No less worrying is that such a decision will signal to Jews around the world that Israel, which touts itself as the nation-state of the entire Jewish people, in reality is not.
To date, those disaffected by Israeli policy concerning such matters as prayer at the Western Wall and legal conventions controlling marriage and divorce could find comfort in holding out for democratically effected change. A disqualification by the Supreme Court of Kibita’s aliyah application would enshrine the cause of their disillusionment in the legal lexicon of what has become of the Zionist dream.
Refusing to accept such an eventuality, Jews from across the religious spectrum are rallying on behalf of the Abayudaya, some joining together to establish Achva: The Partnership for Abayudaya Rights.
One of its founders is Michael Chernick, an Orthodox rabbi, who bemoans the obtuseness of the Israeli government in refusing to grant even study visas to members of the Abayudaya, “a community of observant Conservative and Orthodox Jews who see Israel as the fountainhead of Jewish education and the place to deepen one’s Jewish identity.” He simply cannot accept “a ministry of the Jewish state refusing the privilege of learning Torat Yisrael in Eretz Yisrael to those whose Jewish status is recognized by the Jewish Agency.”
This is of paramount importance also for Rabbi Gershom Sizomu, an Abayudayan rabbi ordained by the Conservative movement.
“It’s not only about the right to make aliyah,” he tells me, remarking that even if allowed to, he doesn’t believe large numbers of his community would. “But there are hundreds of us who want to be able to get on a plane and spend time there without being questioned about our Judaism. Not being able to visit and study in Israel, as Jews around the world are able to, we feel the rejection and pain of not being accepted.”
This widespread sentiment has not extinguished an even more pervasive optimism. Avram Mukiibi, president of the newly established Zionist Federation of Uganda and head of the local chapter of Marom, the Masorti Movement’s young adult division, says: “I’m very hopeful. I still have a feeling that even if the court decides against us, we will find another way to move forward. We’ve come too far to throw our hope in the dust. I’m also encouraged by the support we’re getting from Jews of every kind around the world. It shows that what we’re up against affects not only the Abayudaya but all Jews in the Diaspora.”

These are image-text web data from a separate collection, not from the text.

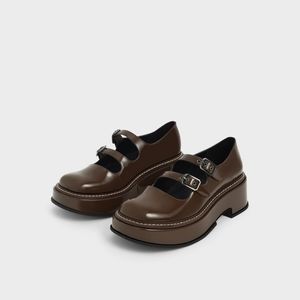 Charles and keith patent brown chunky platform Mary jane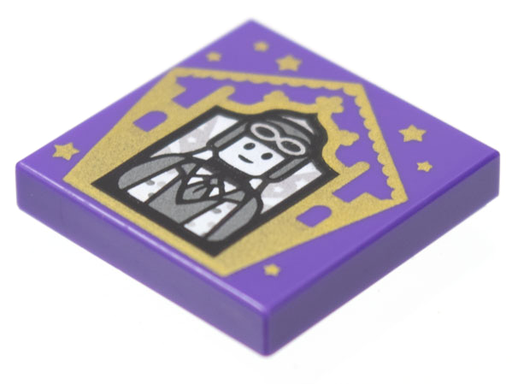 [P 3068pb1741 (Dark Purple)] Tile 2 x 2 with HP Chocolate Frog Card Jocunda Sykes Pattern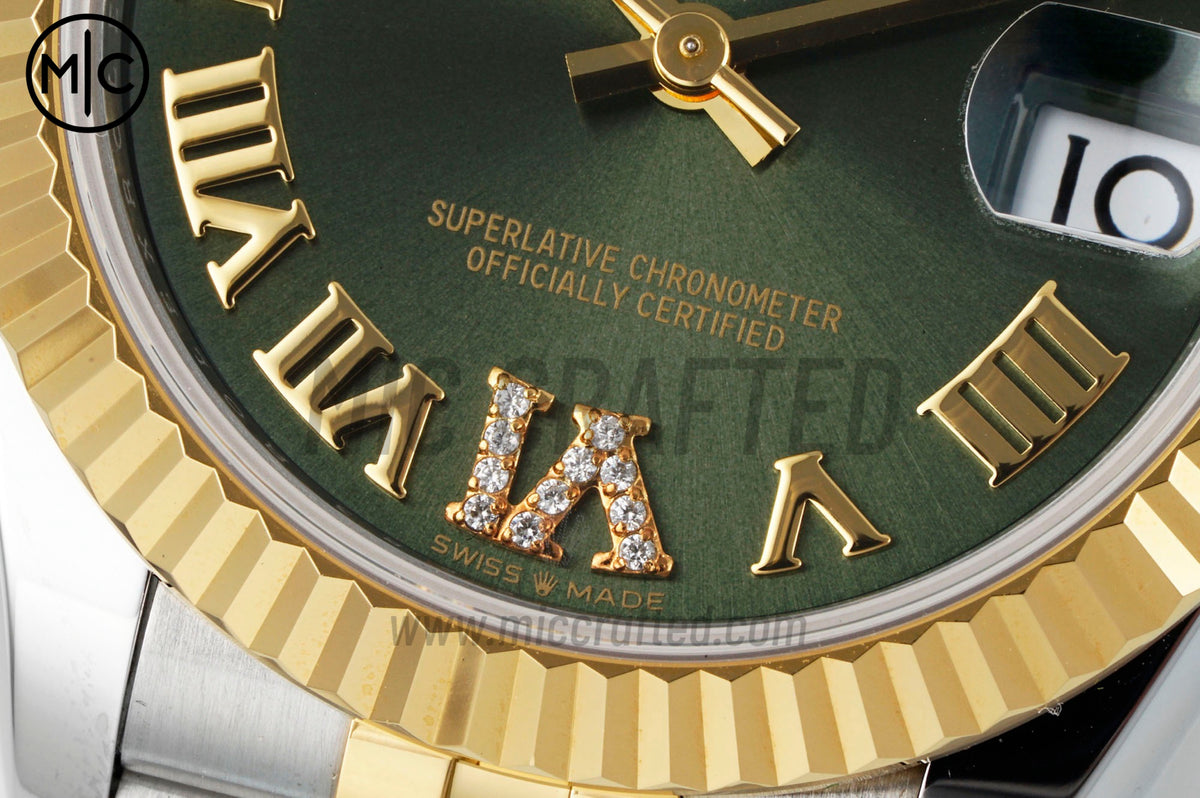 DateJust 31mm Ladies 278273 Fluted Bezel SS/YG Green Roman Dial on Jubilee Bracelet – Premium Edition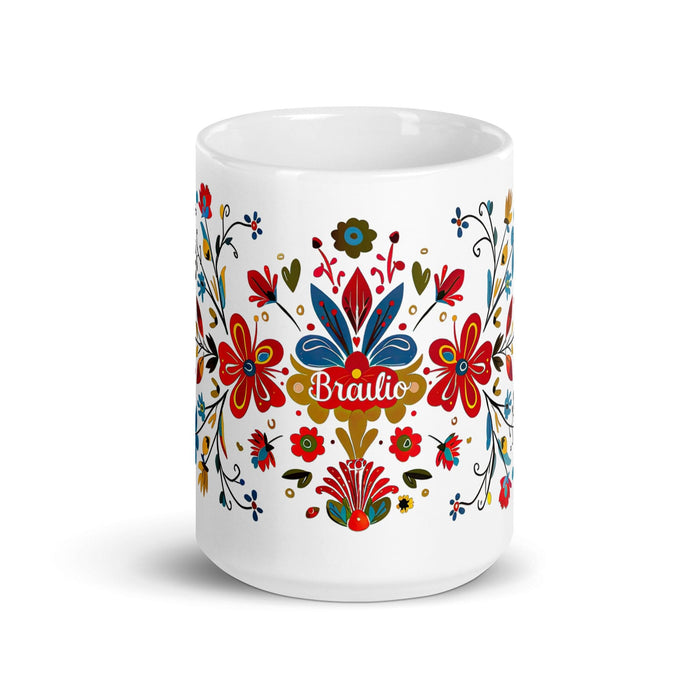 Braulio Exclusive Name Art Piece Home Office Work Coffee Mug Mexican Spanish Pride Gift Cup One-Of-A-Kind Calligraphy White Glossy Mug | B32 Mexicada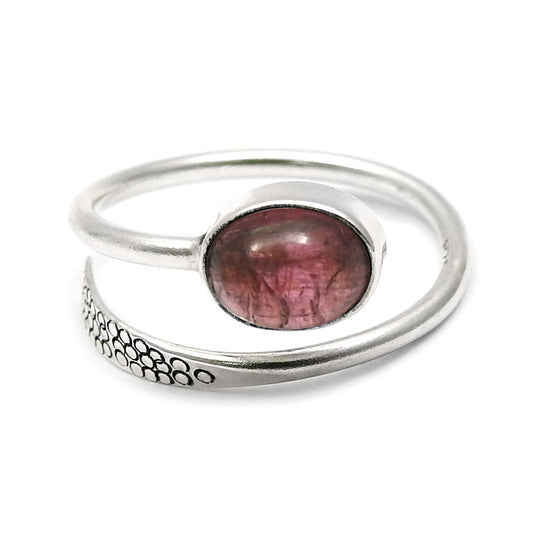 925 Sterling Silver Natural Pink Tourmaline Handmade Statement Ring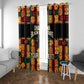 Custom Ghana Black Stars Window Curtain Adinkra Pattern - Football Style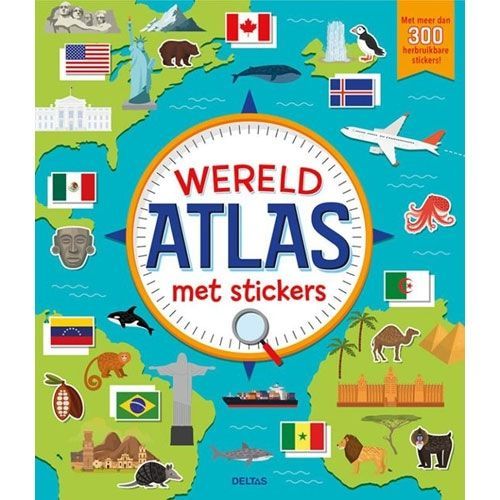 uitgeverij deltas wereldatlas met stickers
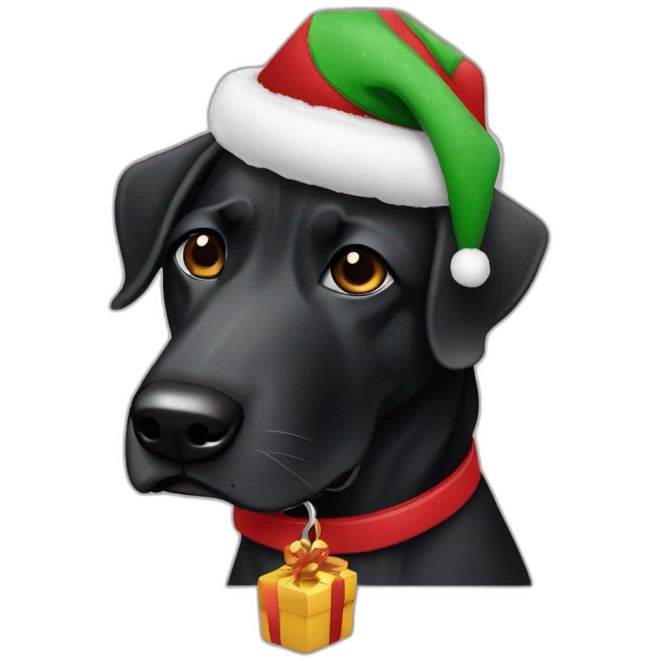 perro salchicha negro pelo corto con gorro de navidad  emoji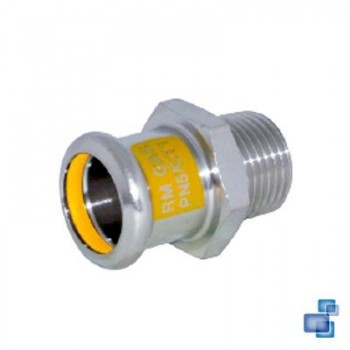 UNIÓN MACHO ACCESORIO GAS PRENSAR INOXIDABLE 316 INOXPRES
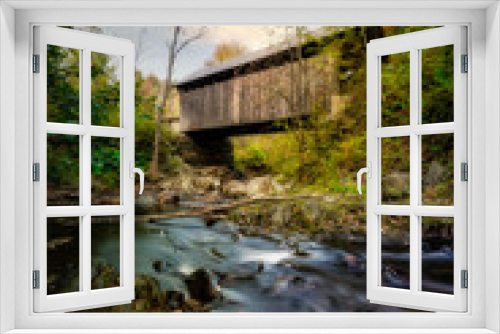 Fototapeta Naklejka Na Ścianę Okno 3D - Bridge View
One of the many, beautiful covered bridges of Vermont.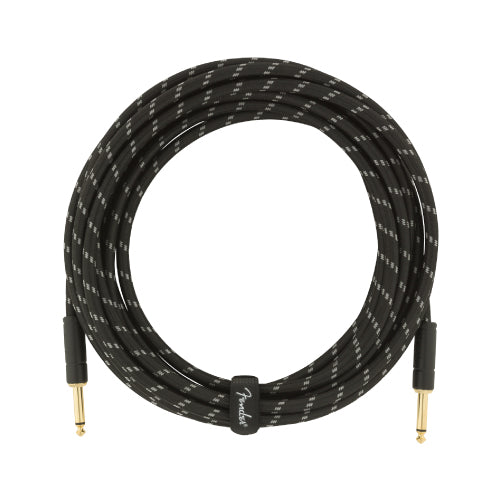 FENDER  Deluxe Series Instrument Cable, Straight/Straight, 18.6', Black Tweed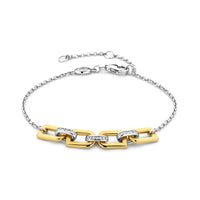Ti Sento Yellow Gold Plated Cubic Zirconia D-Link Bracelet - Michael Jones Jeweller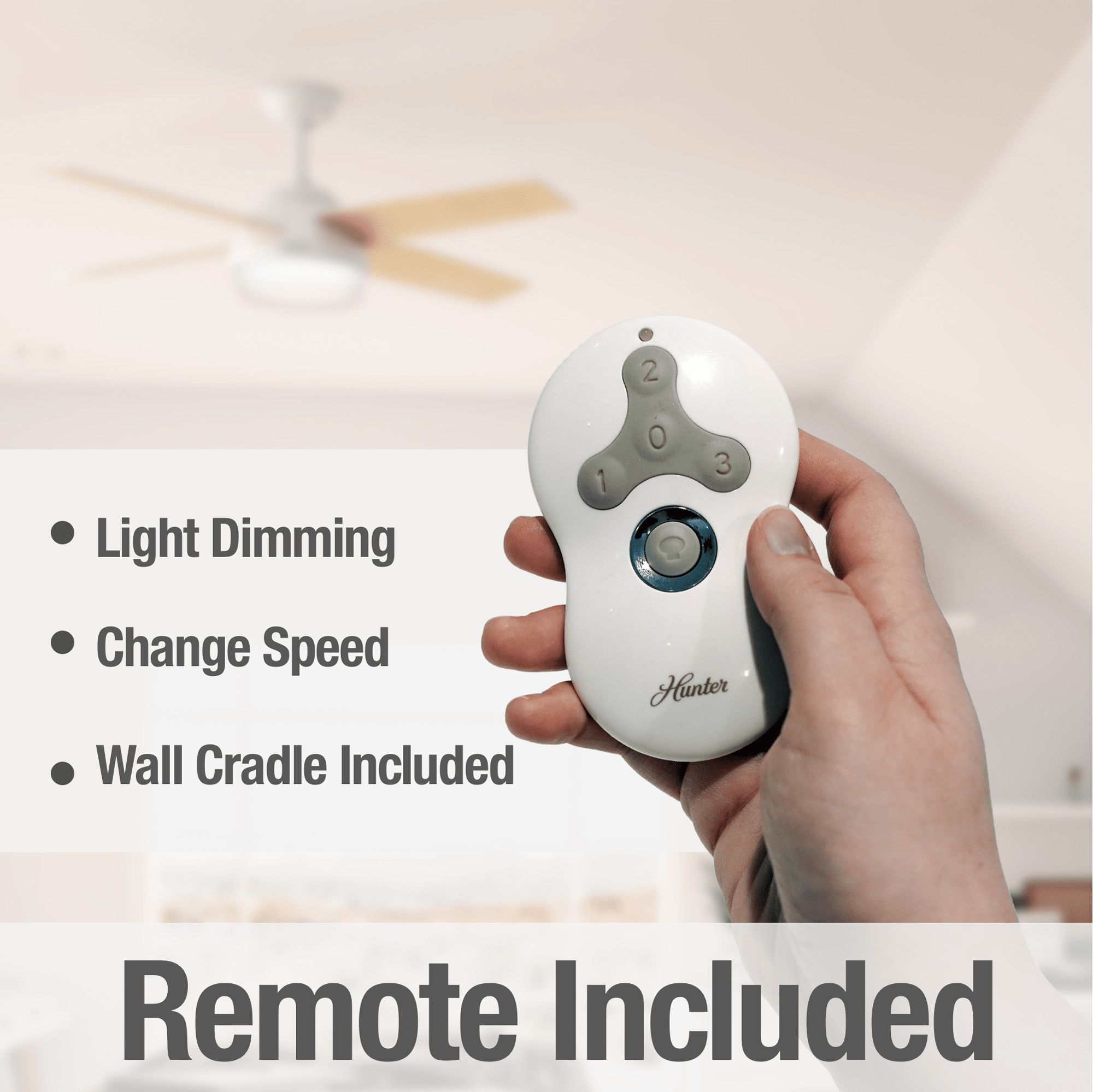 52" Hunter Dempsey LED Fresh White Indoor Ceiling Fan with Remote in scene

His is an expression of faith that the court will decide in favor of the pride that the Abayudaya feel for their Judaism over the prejudice with which they have had to contend.
The author has recently completed a term as deputy chairman of the Jewish Agency executive, during which time he worked extensively with developing Jewish communities around the world. The perspectives shared herein are entirely his own.